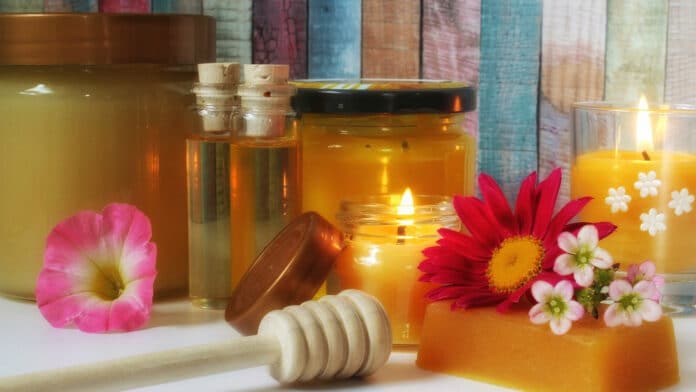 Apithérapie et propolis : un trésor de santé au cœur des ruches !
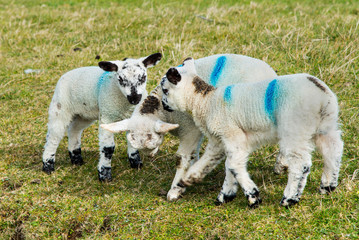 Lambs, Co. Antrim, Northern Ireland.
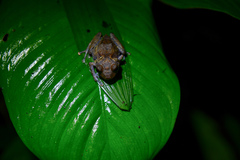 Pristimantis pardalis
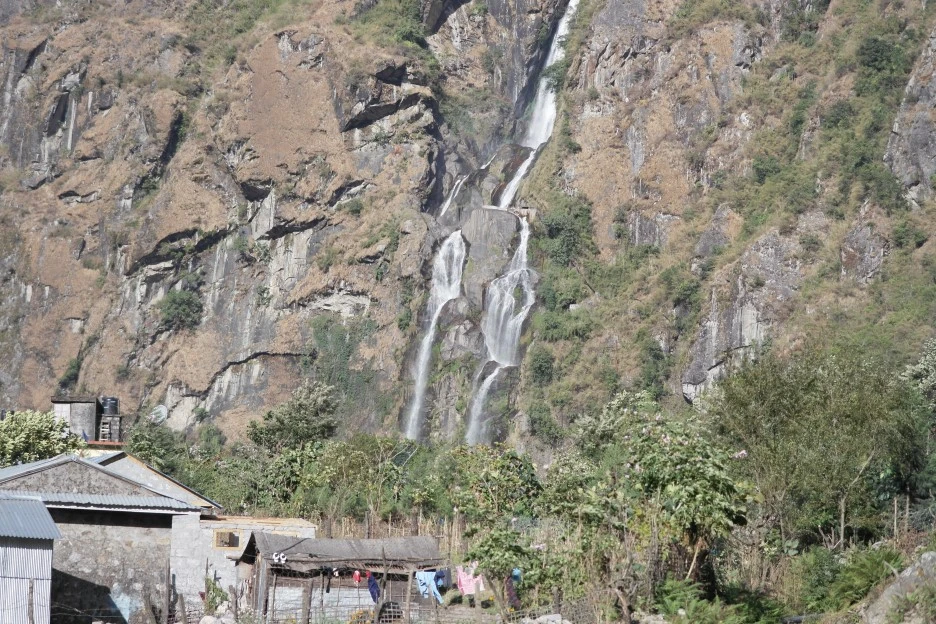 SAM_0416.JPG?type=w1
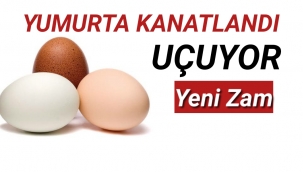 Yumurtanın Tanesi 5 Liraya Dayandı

◇ ◇ ◇

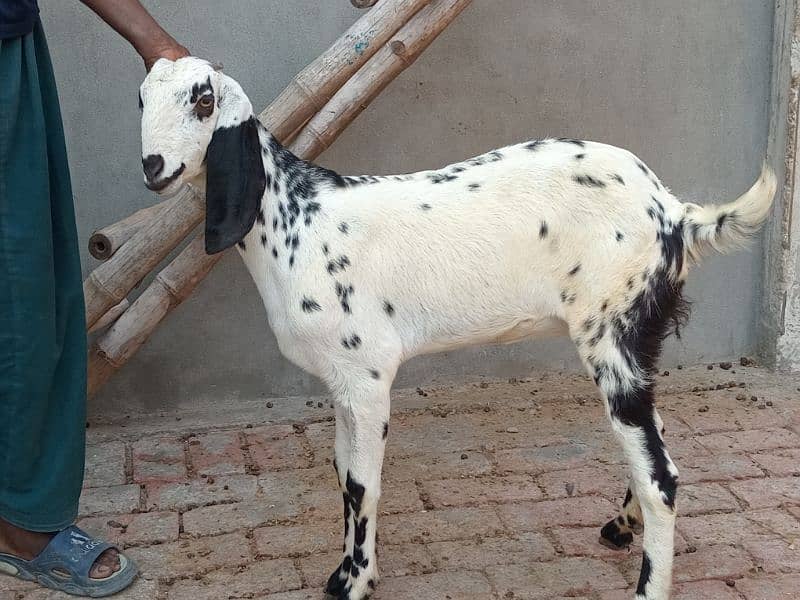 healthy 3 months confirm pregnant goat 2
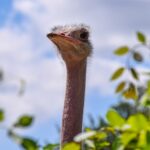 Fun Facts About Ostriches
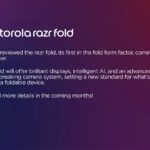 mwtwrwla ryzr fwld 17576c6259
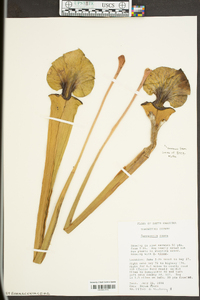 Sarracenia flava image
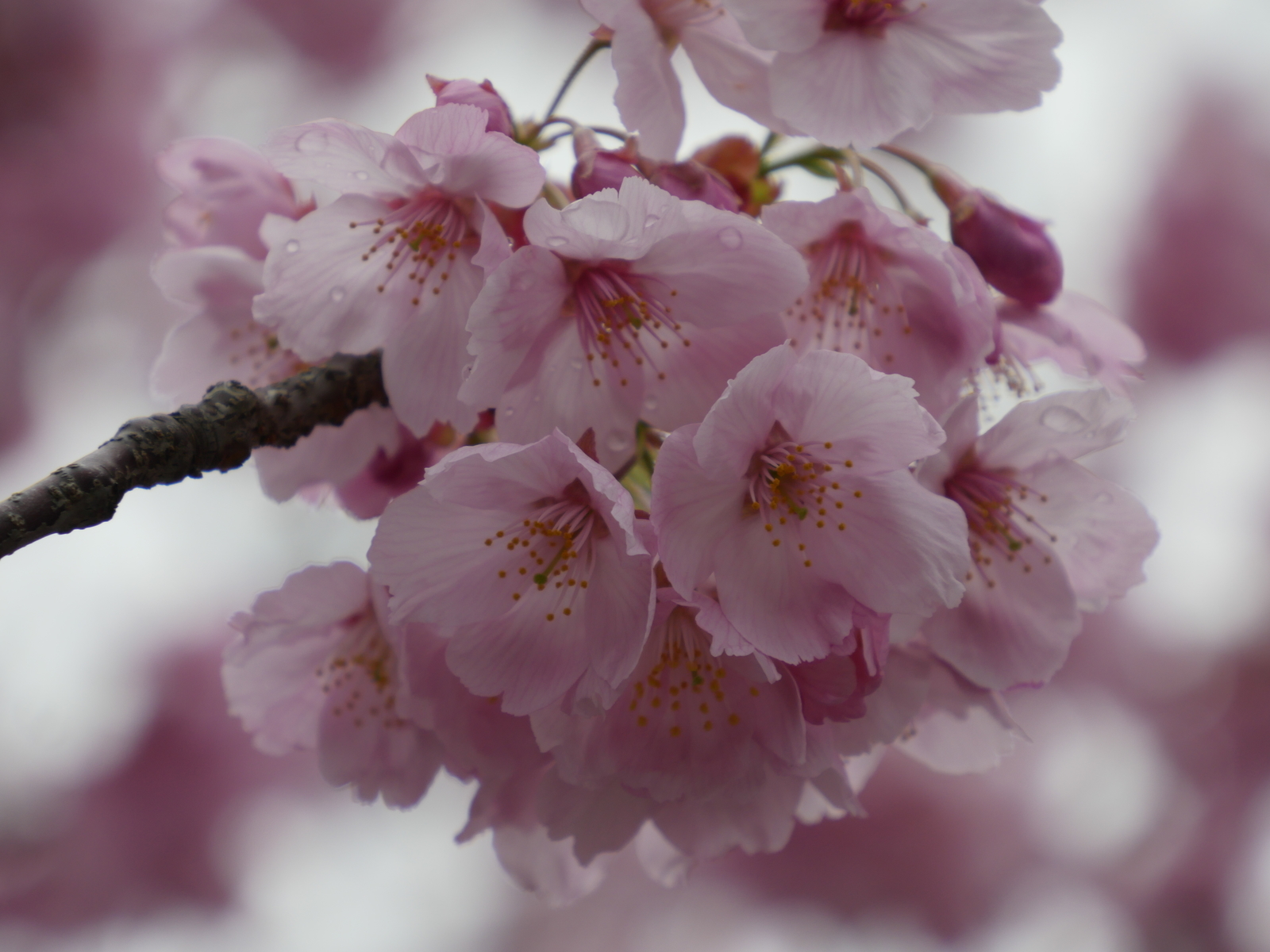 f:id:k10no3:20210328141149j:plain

◇ ◇ ◇

Everything between and including the line above containing "healthy 3 months confirm pregnant goat 2" and the line containing "f:id:k10no3:20210328141149j:plain" should be reproduced exactly, with pictures excluded.

◆ **YOUR SOLUTION**
 healthy 3 months confirm pregnant goat 2
 Fun Facts About Ostriches
 mwtwrwla ryzr fwld 17576c6259
 Sarracenia flava image
 f:id:k10no3:20210328141149j:plain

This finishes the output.